Copy exactly, and copy nothing else: the line that contains "Water Bottle With" and all lines after it in the listing, without pictures.

### [DATA]

++++++

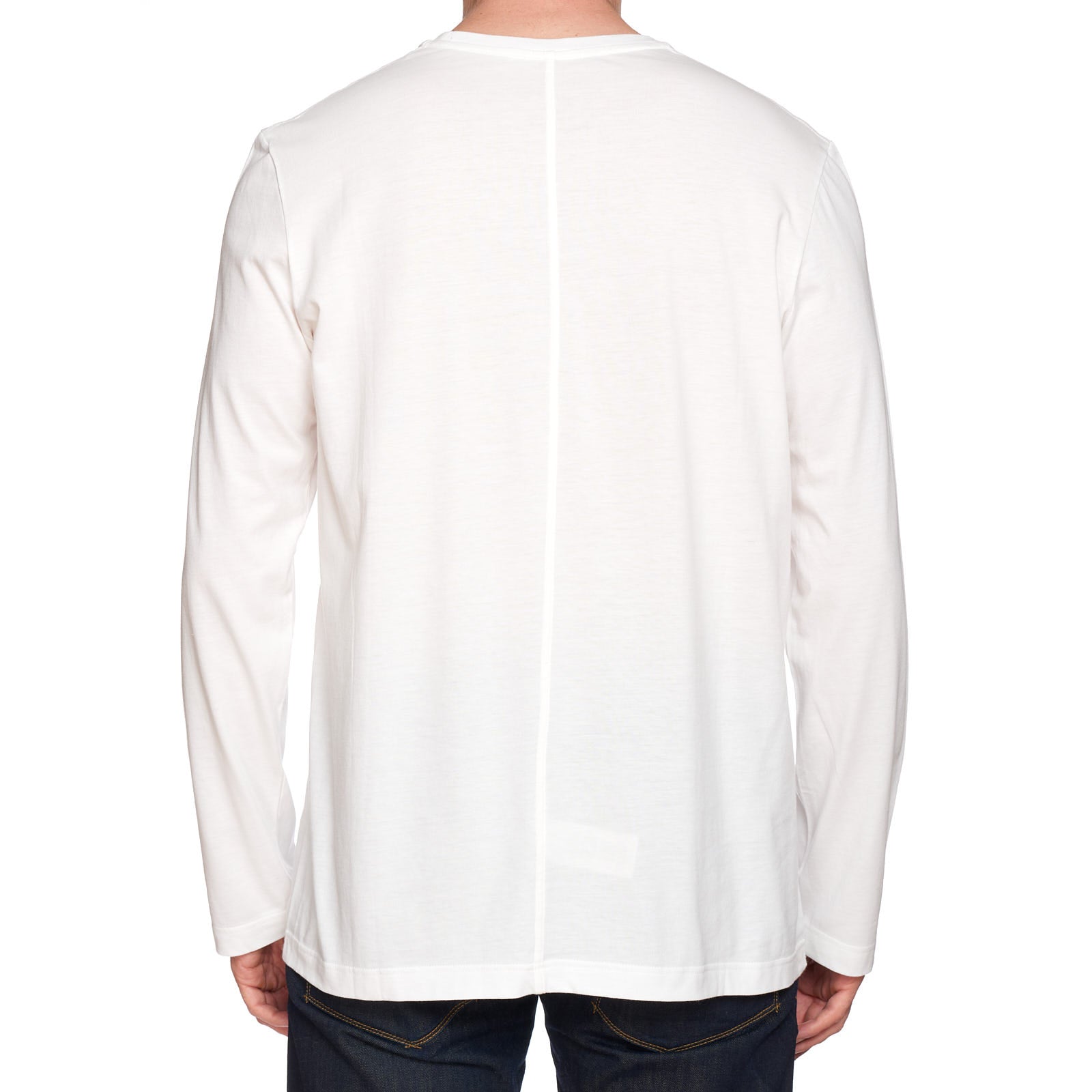 THE ROW "Leon" White Supima Cotton Long Sleeve Crewneck T-Shirt NEW US L THE ROW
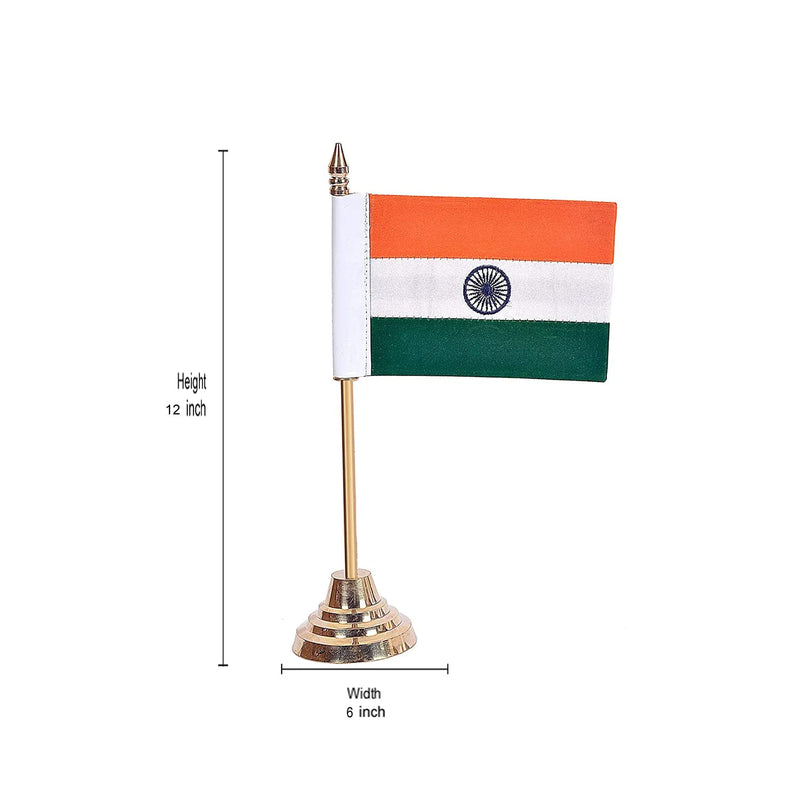 Brass Indian Flag Table Top (Height: 14 Inches)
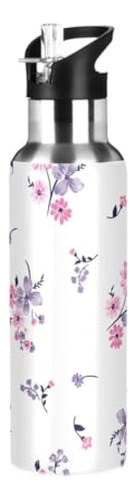 Water Bottle With Straw Lid Leak Pink Flowers Floral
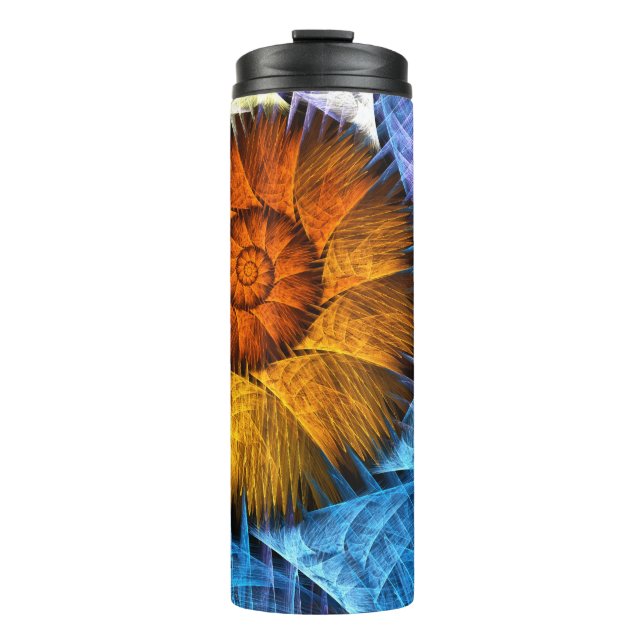 Floral Orange Yellow Blue Abstract Art Thermal Tumbler (Front)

++++++

### [WRITTEN RESPONSE]
 Water Bottle With Straw Lid Leak Pink Flowers Floral
 Floral Orange Yellow Blue Abstract Art Thermal Tumbler (Front)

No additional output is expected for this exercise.